Write me about when you shall go to Buffalo. I should like to go with you. I hope Caroline will go to Cleveland when I go. There must be ingenuity used to accomplish it. He makes such a fuss when she goes away & represents himself as so injured that some ladies wonder she can ever leave him.
I am glad you have had a pleasant winter. Julia will miss you very much I know. I have made some very pleasant acquaintances here & shall always feel interested in the people but my heart is not in the nest & never will be. I would not exchange Hartford for any place. Old age has so completely taken away my love of society that I find it often burdensome with all my efforts to enjoy it.
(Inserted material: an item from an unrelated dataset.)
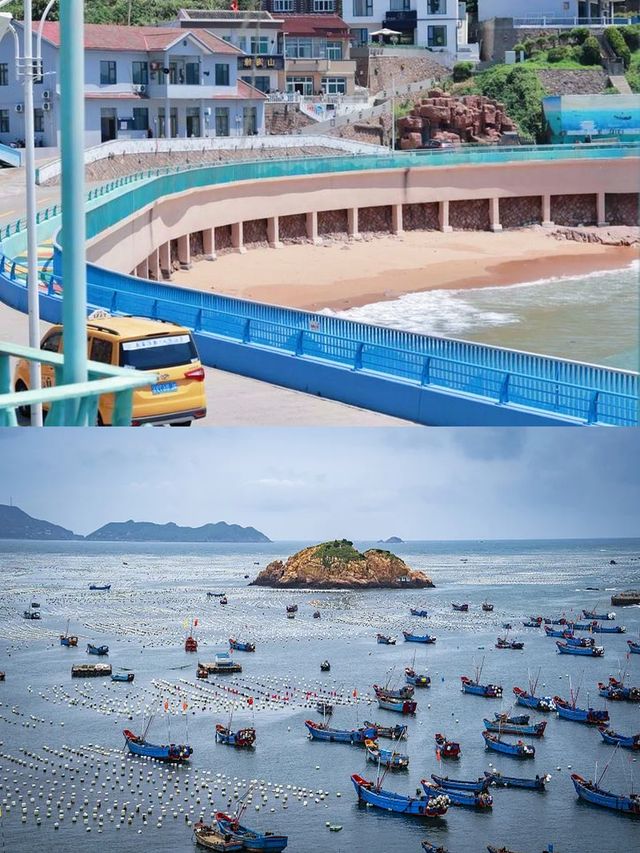 喺杭州周邊搵到寶！枸杞島夏日玩水超開心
It is very quiet here now. No parties — lent draws near. I don’t believe I shall have time to go out to the Coxes before I go. Mrs. Markoe ² is very much out of health & Sarah is occupied with her. Fonseca more devoted than ever ____ says. Ralston is getting gouged out of all his property by a parcel of Germans here & everybody is talking about it. I feel very sorry. He has made some miserable investments lately of his own & Sarah’s property. He has no shrewdness & judges others by himself. They are all the most impractical people in the world. Mrs. Keelar says their housekeeping is like all the rest of their management. Mrs. Keelar is visiting here. Sarah K. has been here all winter.
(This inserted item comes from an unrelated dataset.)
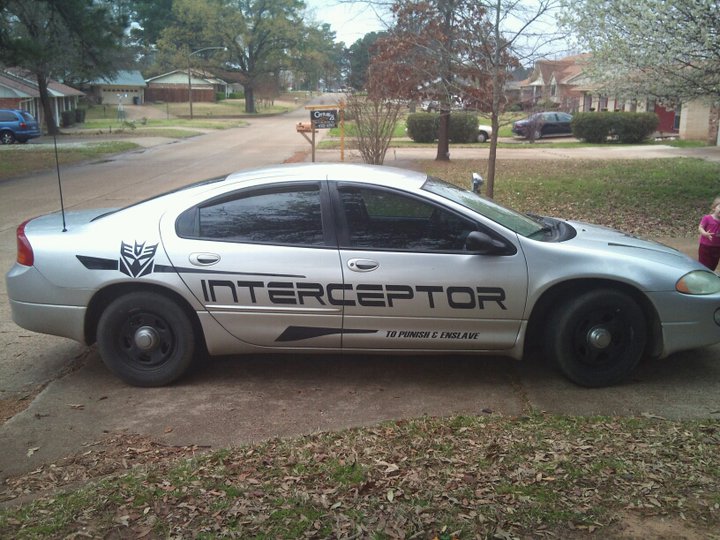 2003 Dodge Intrepid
Your Mr. Webster we have not laid eyes on since you left. Not even on _____ day.
Caroline proposes writing so I’ll leave this sheet for her. Give my love to all in Cleveland & write me again more definitively of your plans. Ever your true friend, — Sarah W.
Sarah has given me a little space here which I must make the best use of — to turn the tables upon her completely. He (Ed) calls and takes tea very frequently. Last evening he came in I supposed on some errand as he had been here only the day before. He cast a furtive glance at Sarah on entering the room, looked as if he had something to communicate. Presently I went into the other room and returning sooner than they anticipated, he started away from me, and she hastily concealed something in her pocket. When I came in, she looked very red and immediately went into her own room and deposited something in her bureau. He made a call and retired. Mr. Grant enquired when he came in what that call from Edward was intended for. She stammered and said did not you tell him I had a letter from Mary? He said no. When you write, pretend you have seen a clairvoyant who has taken you into my parlor and described that scene. In plotting for you, she may have become interested herself. I asked no questions after he left and she has no idea that I saw or suspected the occurrence.
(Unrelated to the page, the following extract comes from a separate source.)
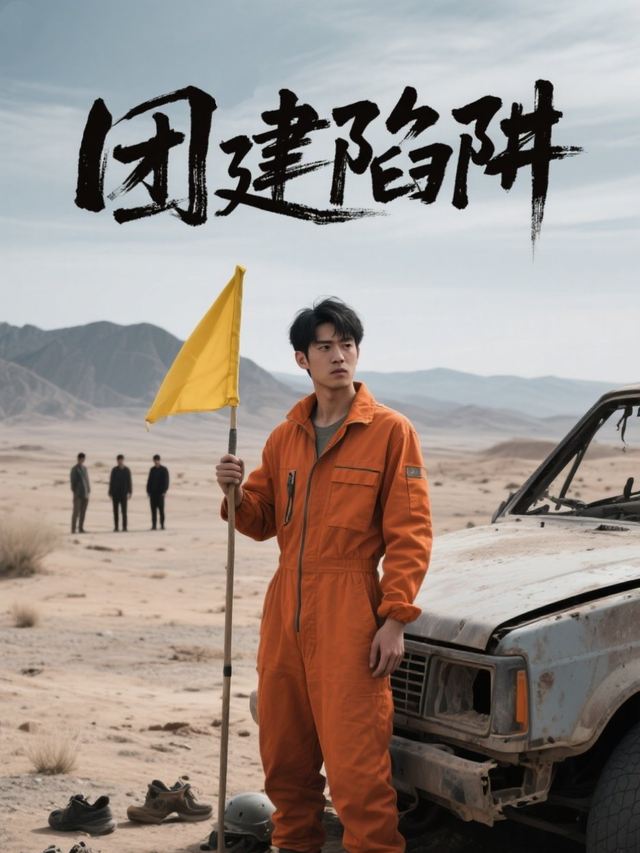 团建陷阱封面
Give my love to Julia and tell her I was much obliged for her letter. I think my coming down with Sarah is doubtful, but I should like it very much if I can accomplish it.
I suppose the children were showered with valentines as K____ was. I had one all about Eddies. I shall write again soon. Love to all. Kiss the chickens. I have hardly recovered from my disappointment in giving up my delightful neighbor in anticipation.
In haste. Yours lovingly, — Caroline
¹ The Woodbridge Record claims that Sarah Woodbridge was living in Paris in 1881.
² I believe “Mrs. Markoe” was Maria Dosey (Cox) Markoe (1824-1898) who married Rev. William Francis Markoe (1820-1916) in 1849. Maria’s brother, Robert Ralston Cox (1822-1851) and sister Sarah Clarkson Cox (1826-18xx) resided with the Markoe’s in Waukesha in 1850. Ralston died in May 1851.